• [EXTRACTED INFORMATION]:

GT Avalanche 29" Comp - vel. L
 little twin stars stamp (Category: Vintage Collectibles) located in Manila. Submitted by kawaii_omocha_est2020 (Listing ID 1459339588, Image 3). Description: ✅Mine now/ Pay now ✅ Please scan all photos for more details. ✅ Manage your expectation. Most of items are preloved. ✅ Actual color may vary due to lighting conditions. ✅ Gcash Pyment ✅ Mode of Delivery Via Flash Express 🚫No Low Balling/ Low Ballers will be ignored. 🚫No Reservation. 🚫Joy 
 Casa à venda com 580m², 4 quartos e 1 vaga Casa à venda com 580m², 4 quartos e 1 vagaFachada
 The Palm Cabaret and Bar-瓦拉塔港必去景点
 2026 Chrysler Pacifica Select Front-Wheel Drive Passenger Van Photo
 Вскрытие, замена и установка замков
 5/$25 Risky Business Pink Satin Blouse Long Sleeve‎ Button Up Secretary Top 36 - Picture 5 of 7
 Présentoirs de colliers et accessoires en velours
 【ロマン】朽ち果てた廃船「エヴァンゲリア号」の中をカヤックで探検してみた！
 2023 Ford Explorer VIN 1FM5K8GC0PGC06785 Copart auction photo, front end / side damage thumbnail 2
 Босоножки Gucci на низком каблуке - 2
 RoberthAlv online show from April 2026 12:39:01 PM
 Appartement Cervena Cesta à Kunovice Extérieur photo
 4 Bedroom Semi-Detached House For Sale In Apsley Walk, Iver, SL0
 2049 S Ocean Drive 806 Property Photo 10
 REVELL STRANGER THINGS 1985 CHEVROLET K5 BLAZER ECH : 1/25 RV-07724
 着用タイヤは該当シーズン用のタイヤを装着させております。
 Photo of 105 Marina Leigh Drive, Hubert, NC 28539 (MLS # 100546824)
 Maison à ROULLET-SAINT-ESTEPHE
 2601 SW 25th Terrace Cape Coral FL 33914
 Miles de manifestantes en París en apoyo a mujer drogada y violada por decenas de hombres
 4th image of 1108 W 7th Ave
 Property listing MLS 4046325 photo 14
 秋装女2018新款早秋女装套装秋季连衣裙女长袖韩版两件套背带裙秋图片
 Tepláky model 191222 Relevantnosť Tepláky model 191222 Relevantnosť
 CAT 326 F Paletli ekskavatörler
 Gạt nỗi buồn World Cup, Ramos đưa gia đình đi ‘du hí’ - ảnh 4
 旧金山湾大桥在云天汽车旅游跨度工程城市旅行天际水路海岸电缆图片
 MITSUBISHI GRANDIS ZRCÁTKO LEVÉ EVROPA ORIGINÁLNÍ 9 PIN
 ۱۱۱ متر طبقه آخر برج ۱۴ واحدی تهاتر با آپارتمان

• [PROBLEM DESCRIPTION]: Please retype exactly, and only, the lines starting at the one that contains "4 Bedroom Semi-Detached" and ending with the last line of the material.

• [SOLUTION TO THIS EXERCISE]:
 4 Bedroom Semi-Detached House For Sale In Apsley Walk, Iver, SL0
 2049 S Ocean Drive 806 Property Photo 10
 REVELL STRANGER THINGS 1985 CHEVROLET K5 BLAZER ECH : 1/25 RV-07724
 着用タイヤは該当シーズン用のタイヤを装着させております。
 Photo of 105 Marina Leigh Drive, Hubert, NC 28539 (MLS # 100546824)
 Maison à ROULLET-SAINT-ESTEPHE
 2601 SW 25th Terrace Cape Coral FL 33914
 Miles de manifestantes en París en apoyo a mujer drogada y violada por decenas de hombres
 4th image of 1108 W 7th Ave
 Property listing MLS 4046325 photo 14
 秋装女2018新款早秋女装套装秋季连衣裙女长袖韩版两件套背带裙秋图片
 Tepláky model 191222 Relevantnosť Tepláky model 191222 Relevantnosť
 CAT 326 F Paletli ekskavatörler
 Gạt nỗi buồn World Cup, Ramos đưa gia đình đi ‘du hí’ - ảnh 4
 旧金山湾大桥在云天汽车旅游跨度工程城市旅行天际水路海岸电缆图片
 MITSUBISHI GRANDIS ZRCÁTKO LEVÉ EVROPA ORIGINÁLNÍ 9 PIN
 ۱۱۱ متر طبقه آخر برج ۱۴ واحدی تهاتر با آپارتمان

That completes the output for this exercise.